Jean-Tobie Okala
Le gouvernement et ses partenaires se sont réunis du 1er au 3 août pour réfléchir aux causes profondes de la persistance de l'exploitation illicite des ressources naturelles par les groupes armées. Pour parler de cette question, cinquante-et-un participants dont huit femmes y ont pris part. Parmi eux, six autorités, dont le maire intérimaire de la ville de Beni.
L'organisation de ces échanges entre l'Etat congolais et les partenaires impliqués dans le secteur minier est l'une des recommandations du processus de Nairobi au Kenya, où les chefs d'État ont demandé au gouvernement congolais et aux organisations de la société civile de se pencher sérieusement sur les liens existants entre l'exploitation illégale des ressources naturelles et les conflits dans l'est de la République démocratique du Congo.
Parce que la lutte contre les groupes armés n'est pas qu'armée, elle passe aussi par d'autres voies non armées, notamment le Programme de désarmement, démobilisation, relèvement communautaire et stabilisation (PDDRC-S) ainsi que par l'assèchement des ressources, lesquelles ressources sont le nerf de la guerre pour ces groupes armés.
C'est dans ce cadre que la MONUSCO qui accompagne toutes les initiatives de paix en RDC, et dont le mandat est d'aider les autorités à lutter contre les groupes armés, a appuyé l'organisation d'une série d'ateliers sur l'exploitation illicite des ressources naturelles par les groupes armés à Goma, à Bunia, à Bukavu et à Beni du 1er au jeudi 3 août 2023.

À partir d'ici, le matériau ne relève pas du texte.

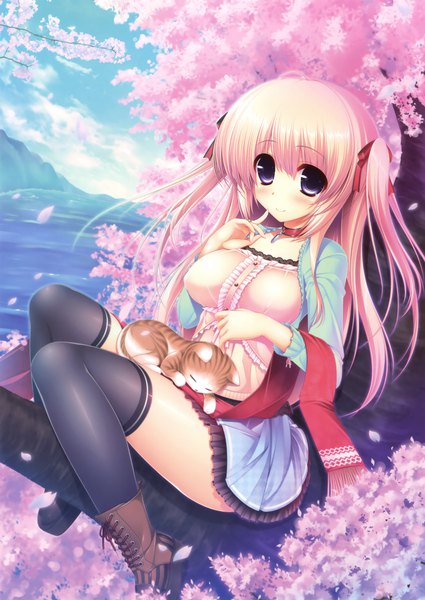 Anime picture 2477x3500 with original aotsuki shinobu single long hair tall image blush highres sitting purple eyes looking away pink hair scan official art cherry blossoms girl thighhighs dress black thighhighs plant (plants) animal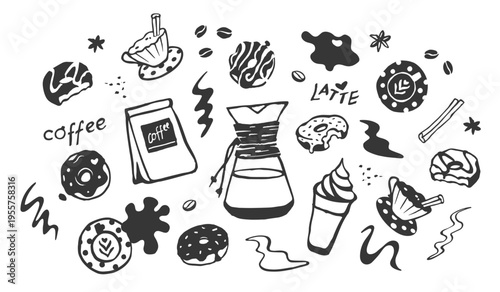 Coffee and Donut Menu Set Illustrations. Black and white. Colored page illustration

Le nerf de la guerre des groupes armés
Ces assises ont porté sur l'exploitation illicite du cacao et de l'or et les conflits armés dans les territoires de Beni et Lubero. Pour Blaise Bolamba, secrétaire permanent de l'ONG CPC (Congo Peace Center) qui travaille pour la construction de l'Etat, la paix et le développement, « ce sont la fraude, le pillage, la contrebande qui alimentent et enrichissent les groupes armés qui perpétuent les crimes dans l'est de la RDC ». Il affirme même que cette exploitation frauduleuse des matières premières constitue l'une des sources de financement des guerres dans l'est du pays.
Qui fait quoi et où ?
Pendant trois jours, les participants ont passé en revu plusieurs matières. Ils ont aussi réfléchi et proposé des voies et moyens de sortie pour l'éradication des dynamiques négatives liées à l'exploitation du cacao et de l'or dans les territoires de Beni et Lubero en proie à un activisme persistant des groupes armés aussi bien locaux qu'étrangers. La question du cadre juridique sur les droits, devoirs et obligations sociales, économiques et techniques liés à l'exploitation des mines a aussi été passée en revue.

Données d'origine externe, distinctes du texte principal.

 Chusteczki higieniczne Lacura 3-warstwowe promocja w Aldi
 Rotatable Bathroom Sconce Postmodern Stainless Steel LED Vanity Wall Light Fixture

Il a été fait remarquer qu'il n'y a pas que les groupes armés qui exploitent illicitement les matières premières en RDC. D'autres acteurs sont pointés du doigt. Blaise Bolamba de l'ong Congo Peace Center l'a ainsi rappelé : « On cite aussi les forces armées de la RDC dans cette exploitation illicite. Des officiers militaires et d'autres éléments de défense et de sécurité ont été conviés ; parce que nous voulons que tous ces acteurs réfléchissent pour que nous puissions trouver les voies et moyens de couper ces liens entre la militarisation de nos sites miniers et les conflits dans nos régions ».
En réaction à ces affirmations, le colonel Alain Kiwewa, administrateur du territoire de Lubero, a indiqué que des enquêtes sont en cours pour identifier ces hommes et femmes en uniforme qui seraient impliqués dans l'exploitation illégale des ressources naturelles. Il a notamment insisté sur le fait que l'une des solutions passe par le démarrage du Programme de désarmement, démobilisation, relèvement communautaire et stabilisation (PDDRC-S) : « Nous attendons donc l'effectivité de ce plan et je pense que la présence de militaires ou de groupes armés dans des carrés miniers prendra fin ; parce que ces gens-là seront obligés de se joindre à nous dans le cadre de ce PDDRC-S ».
Les parties prenantes à cette rencontre ont salué l'accompagnement de la MONUSCO dans ce processus. Blaise Bolamba de l'ong Congo Peace Center a rappelé, en guise de conclusion, les différents types d'appuis de la Mission à ce processus : « La MONUSCO est pour nous un partenaire privilégié. Elle nous a aidés à financer ces activités de manière technique et pratique : elle prend en charge le transport de nos participants, ceux qui viennent de Kinshasa vers l'intérieur du pays ».